**EXERCISE REQUIREMENTS:** Reproduce the following data exactly, minus any images.

**DATASET EXCERPT:**
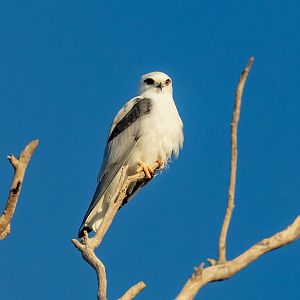 Black-shouldered Kite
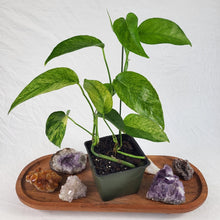 Load image into Gallery viewer, Epipremnum Pinnatum Tricolor Mint Variegated 4" pot, ships nationwide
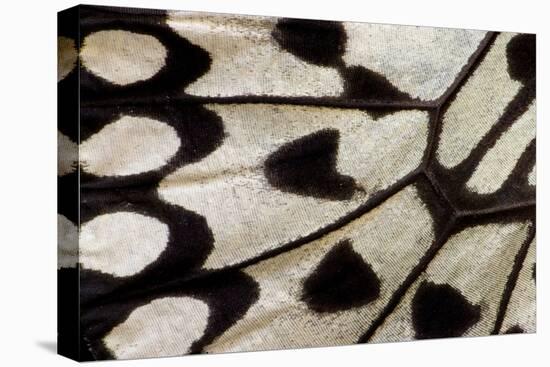 Close-Up Detail Wing Pattern of Tropical Butterfly-Darrell Gulin-Premier Image Canvas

**ANSWER:**
 Black-shouldered Kite
 Load image into Gallery viewer, Epipremnum Pinnatum Tricolor Mint Variegated 4" pot, ships nationwide
 Close-Up Detail Wing Pattern of Tropical Butterfly-Darrell Gulin-Premier Image Canvas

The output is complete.